Despite the persistent crisis affecting the fashion sector, the Italian footwear industry is beginning to show signs of recovery, even as it closes the year down 3.1%: the third quarter, in fact, ended with a 0.9% decline, “a markedly better result than the steep contractions experienced in the first half of the year,” notes a press release from Assocalzaturifici.

Giovanna Ceolini

“The current overall picture remains complex and spares not even the highest end of the market, but the third-quarter figures point to a slowing of the decline and a first glimmer of light at the end of the recessionary tunnel,” said Giovanna Ceolini, president of Assocalzaturifici. “Despite the lack of significant improvements on the geopolitical front, our companies’ ability to maintain a strong foothold in European markets and to capture demand in the most dynamic areas, such as the Middle East, is key to navigating 2026. Although business performance is uneven, with several firms still under strain, the modest downturn expected in full-year revenue (estimated at 12.8 billion euros) confirms the resilience of Made in Italy.”

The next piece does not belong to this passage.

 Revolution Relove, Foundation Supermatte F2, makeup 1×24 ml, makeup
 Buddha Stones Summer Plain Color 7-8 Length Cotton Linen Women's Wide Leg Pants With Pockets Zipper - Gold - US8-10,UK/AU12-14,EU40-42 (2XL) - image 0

On the foreign trade front, exports reached 7.72 billion euros (-1.3%) in the first eight months of 2025. The most significant figure concerns volumes: 131.8 million pairs were sold abroad, up 4.3%. This recovery in volume was accompanied by a normalisation of average prices (58.58 euros per pair, -5.3%), signalling a correction after the double-digit increases of 2022/2023.

The EU (which takes seven out of every ten pairs exported) is growing in both value (+2.2%) and volume (+7.6%). Germany stands out with a solid 6% rise in value and 10% in pairs, while positive results were also recorded in Spain, Poland, Belgium, and Austria. Outside the EU, the Middle East remains the most dynamic region, with overall value up 13%, driven by a surge in the United Arab Emirates (+20%). Turkey and Mexico also performed well. The Far East, by contrast, remains under pressure, with a contraction of more than 20% in both volume and value, affected by the sharp slowdown recorded in China (-24.6% in value) as well as in all the other main Asian markets (Hong Kong, Japan,and South Korea), and by the CIS region (-9.2%, with -17.8% in Russia), still hampered by the conflict.

“The US market remains under close watch, with the eight-month period closing up 2.9% in value against a decline in volumes (-4.2%). The sector is cautiously assessing the impact of the tariffs set under the US-EU agreement: while August registered a discouraging -17.8% in value, preliminary September data show a responsiveness that was, in some respects, unexpected. To date, 55% of member companies exporting to the US judge the effects of the tariffs to be far from negligible, with one in five companies facing severe difficulties,” the note concludes.